From the very start, that is. So often, agencies (and some clients) operate on a ‘new business development’ model – where the team that makes the initial introductions acts purely as a scoping or onboarding team, and you don’t get to meet the people you’ll be working with on a daily basis. It can be hard to gauge chemistry this way, and particularly when wanting to forge long-lasting relationships, it’s key to know upfront that you have the team with the right skills and experience (and personality) working alongside you.
We’ve always found the direct approach of getting the right team in place to be the most fruitful for both client and agency. Yes, someone else may make the first phone call or host the first virtual meeting. But very soon after finding out the requirements, a team is assembled with the right expertise to deliver the best quality of service, and they’re introduced at the earliest possibility. Those initial meetings can contain such valuable information about how you as a new client and business want to work, missing that with the key agency team can hamper the pivotal onboarding process for all.
2. Provide as much research and insight.
This goes both ways. It’s crucial to the success of each project that a client provides as much market research and insight as possible into their audiences, markets, product or service. Asking an agency to go into a brief completely blind to this context will certainly diminish results, and often lead to creative missing the mark or going down a completely wrong route – an inefficient use of your budget and time.
In the same breath, agencies should also share research and insight with you the client, as it can often provide an alternative perspective, and help you to break out of your usual pattern and explore alternative routes forward.
3. Be clear on objectives and outcomes.
Communicating clearly and openly will benefit everyone from the start. Without a clear steer on goals, neither you nor your agency can work towards the optimum solution. Establish desired outcomes for your audiences, think about reach, if and how you plan to build momentum (will this phase of work inform future work or is it standalone). Outline any specific behaviour you want to result from the campaign or project, and if possible, set measurable targets. This will focus the team and ensure the approach is as effective as possible.
4. Make it a partnership, not just transactional.
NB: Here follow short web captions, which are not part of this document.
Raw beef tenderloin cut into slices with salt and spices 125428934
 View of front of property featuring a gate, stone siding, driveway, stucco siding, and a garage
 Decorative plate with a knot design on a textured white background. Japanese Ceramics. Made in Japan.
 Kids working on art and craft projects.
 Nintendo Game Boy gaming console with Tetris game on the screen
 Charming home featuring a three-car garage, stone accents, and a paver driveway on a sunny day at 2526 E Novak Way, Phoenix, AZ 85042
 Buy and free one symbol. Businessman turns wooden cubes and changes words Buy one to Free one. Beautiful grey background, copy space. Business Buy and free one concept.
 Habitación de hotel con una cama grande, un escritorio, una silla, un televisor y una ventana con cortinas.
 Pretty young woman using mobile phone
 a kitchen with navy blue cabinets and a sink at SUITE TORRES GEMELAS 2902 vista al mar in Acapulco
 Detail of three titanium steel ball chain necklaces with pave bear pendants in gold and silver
Collaboration is key. Respecting the strengths of both client and agency, and acknowledging that both have equally important and defined roles to play means you’ll get the best out of the relationship. In our experience this approach creates the best relationships and ultimately delivers the best, consistent quality results.
5. Share the results.
The outcomes of any branding project or marketing campaign can take many forms, and it’s vital to future learnings and improvements to share as much information as possible on the level of success (however big or small) of a project. This applies if it’s the remit of the client or the agency to report on results. These can be obvious statistical results – uplift, percentage shift or an increase in sales figures. But don’t ignore the intangible, particularly when it comes to branding projects – changes in perception, the quality of engagement (not just increases) and reputational change are harder to measure, but if captured, can shine light on the true success of a campaign, and the possible need to refine your approach in other areas in the future.
In conclusion
It’s very easy for barriers to be put in place between a client and agency, which can damage the output and results. And with budgets needing to work harder in a more competitive landscape, it’s more important than ever to get the relationship right. In an ideal world, a client wants their agency to feel like an extension of their internal team, and so do we. That way, conversations can happen fluidly, and the creative process will be a lot more effective.